- _Work instruction_
Starting at the line that contains "Premiér Bohuslav Sobotka" and stopping after the line that contains "Moscara Realtors - Nutley, NJ", transcribe the listing below exactly; do not include any pictures.

- _Data extract_
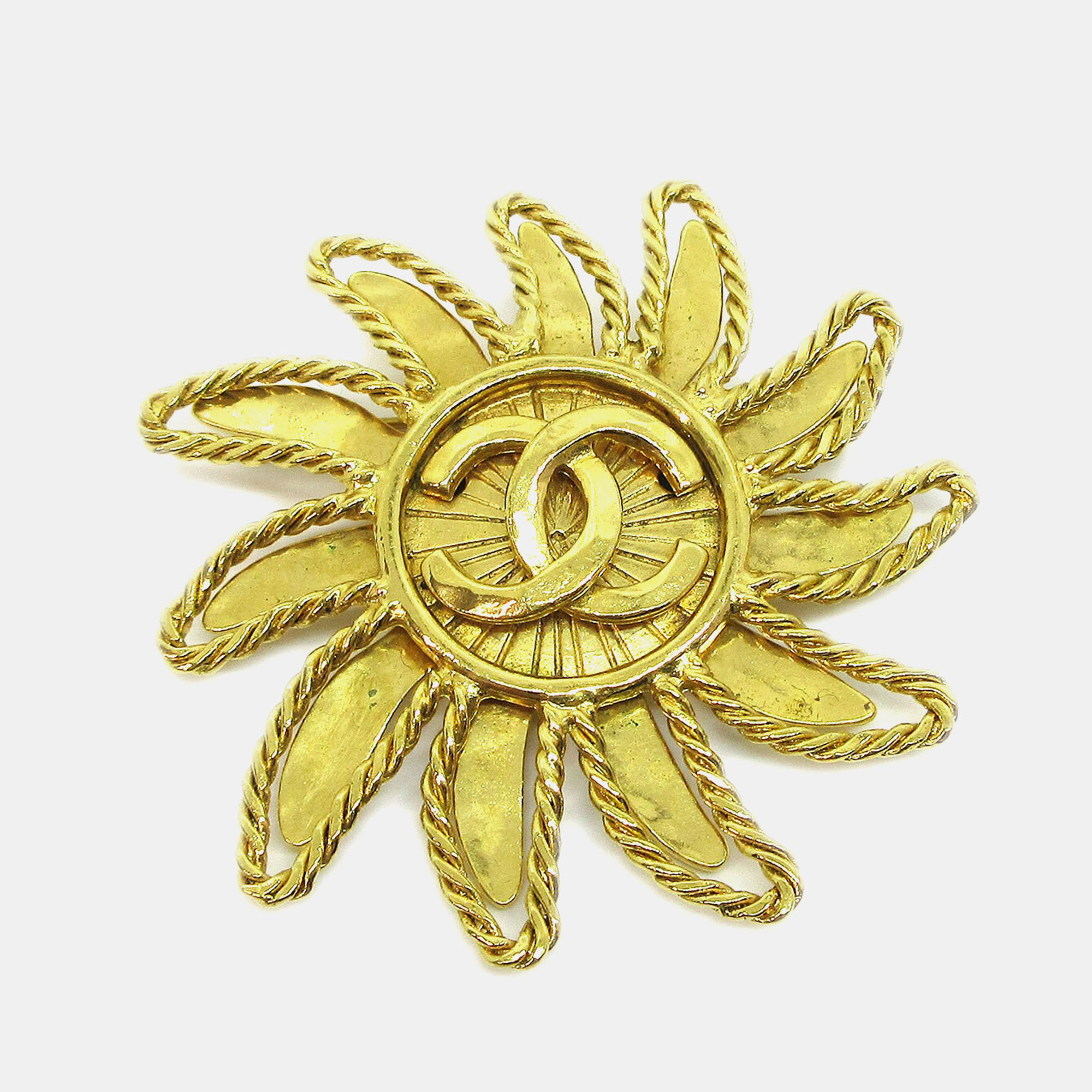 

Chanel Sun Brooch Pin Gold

---

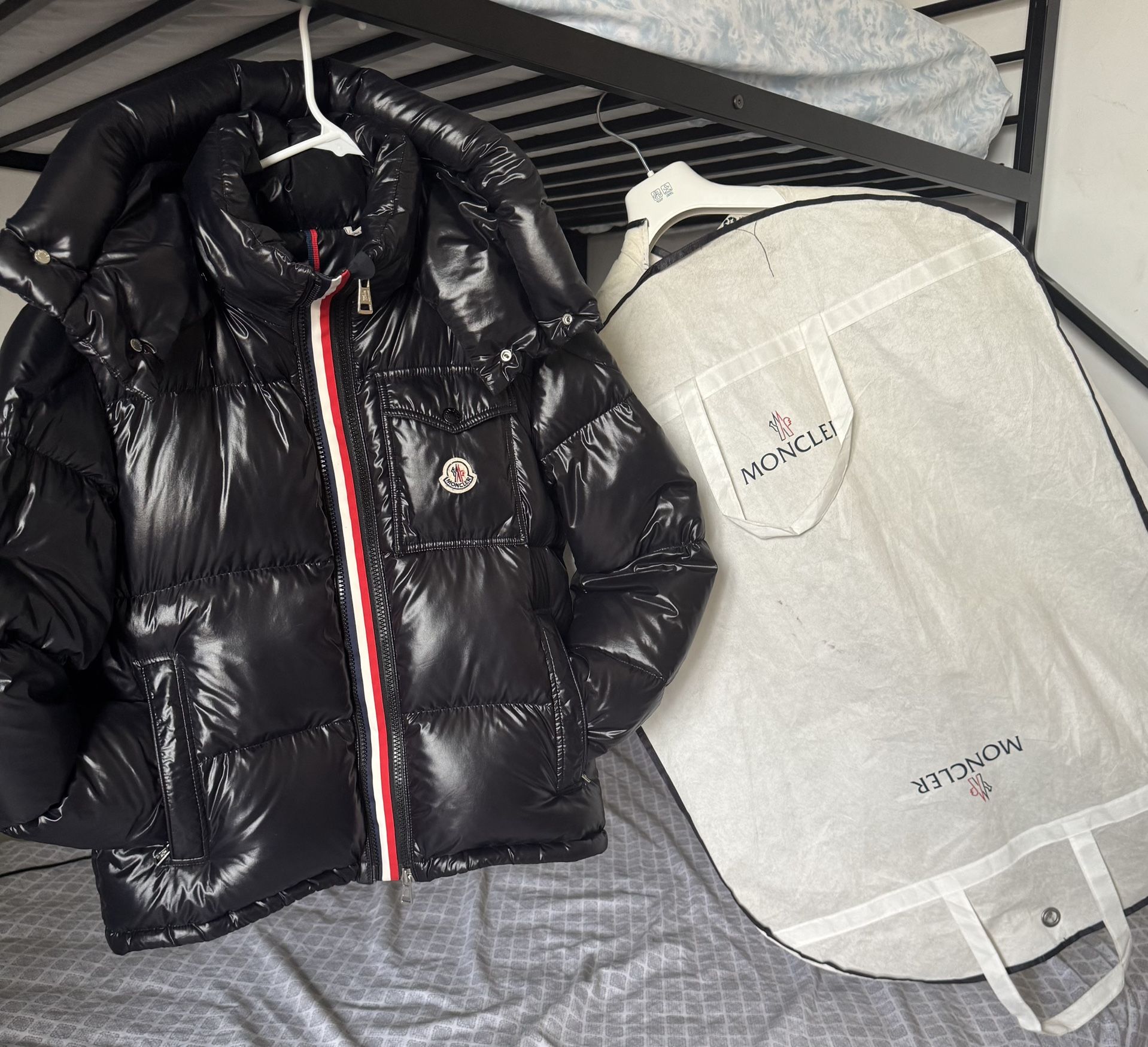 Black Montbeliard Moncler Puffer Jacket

--

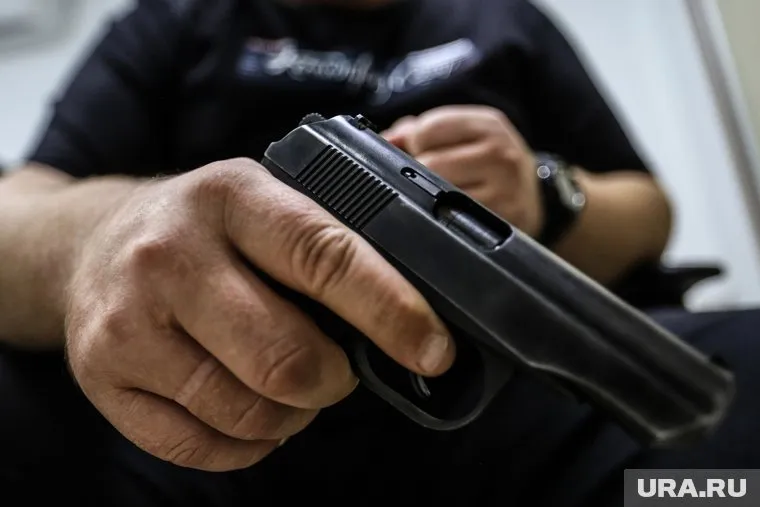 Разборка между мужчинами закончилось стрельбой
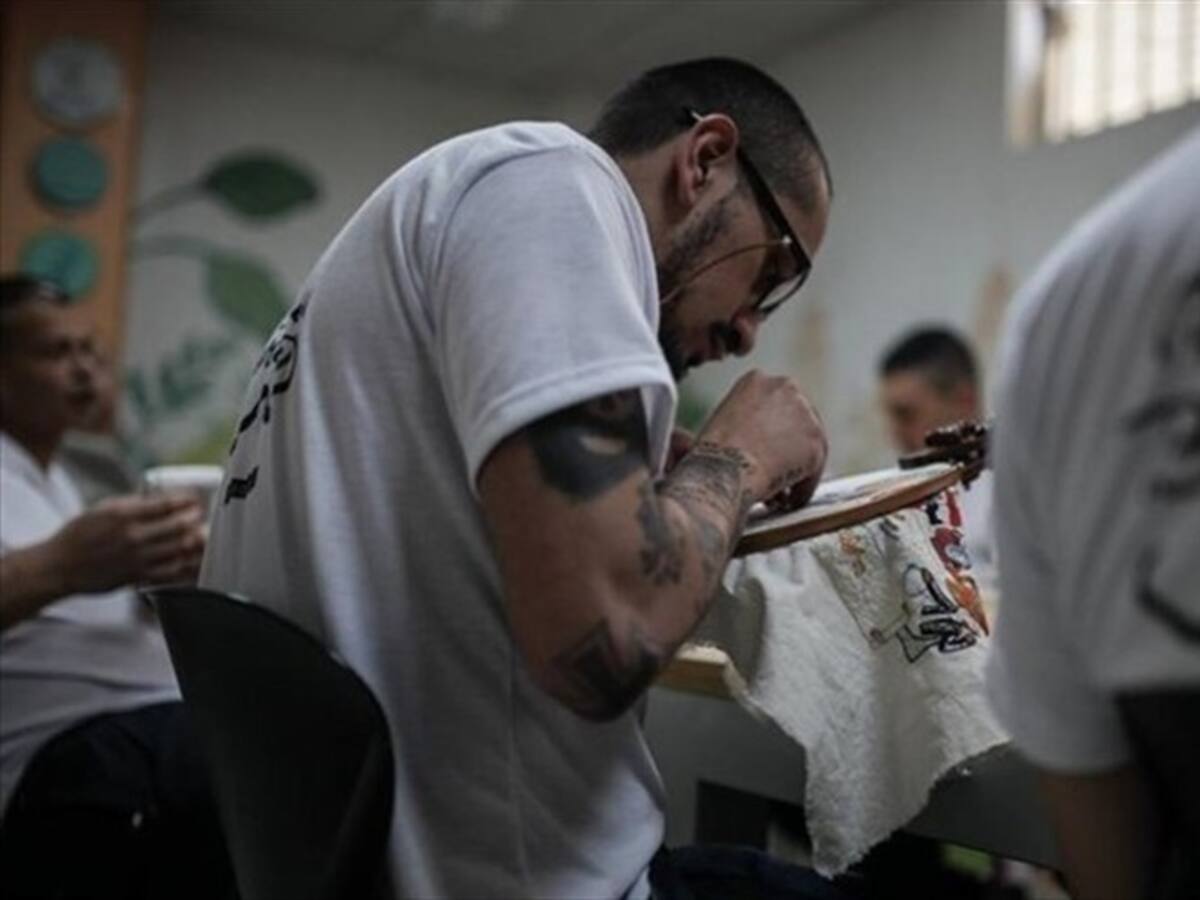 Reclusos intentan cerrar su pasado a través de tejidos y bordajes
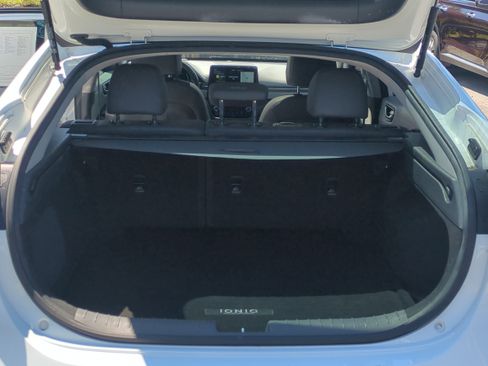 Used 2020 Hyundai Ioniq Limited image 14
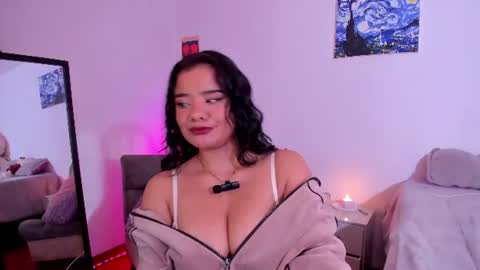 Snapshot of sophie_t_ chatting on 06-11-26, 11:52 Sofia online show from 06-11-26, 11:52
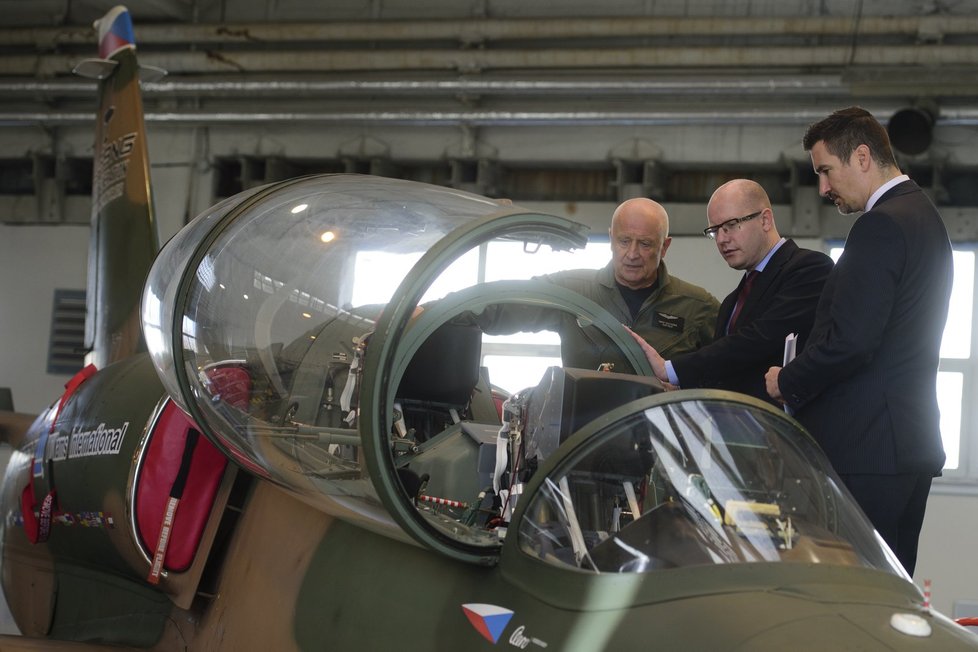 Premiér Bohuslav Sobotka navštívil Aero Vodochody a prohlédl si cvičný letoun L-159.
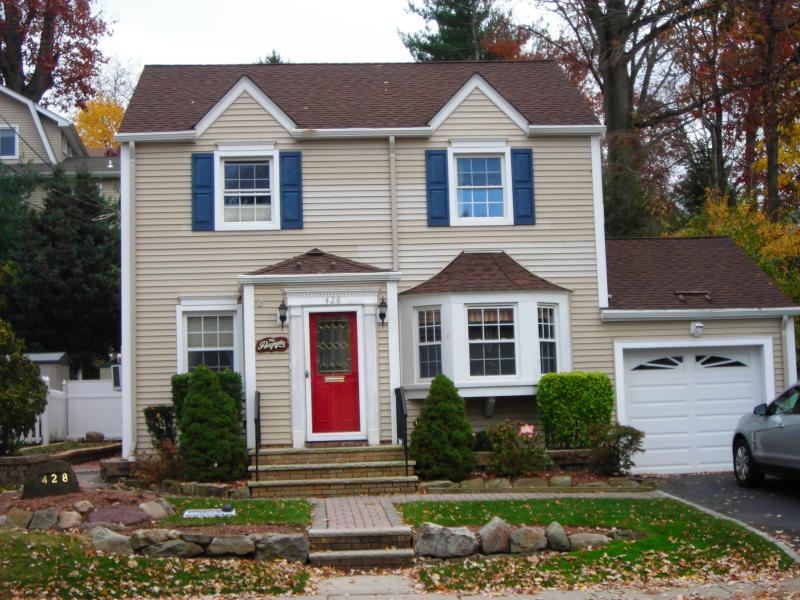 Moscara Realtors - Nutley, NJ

- _Finished exercise_
 Premiér Bohuslav Sobotka navštívil Aero Vodochody a prohlédl si cvičný letoun L-159.
 Moscara Realtors - Nutley, NJ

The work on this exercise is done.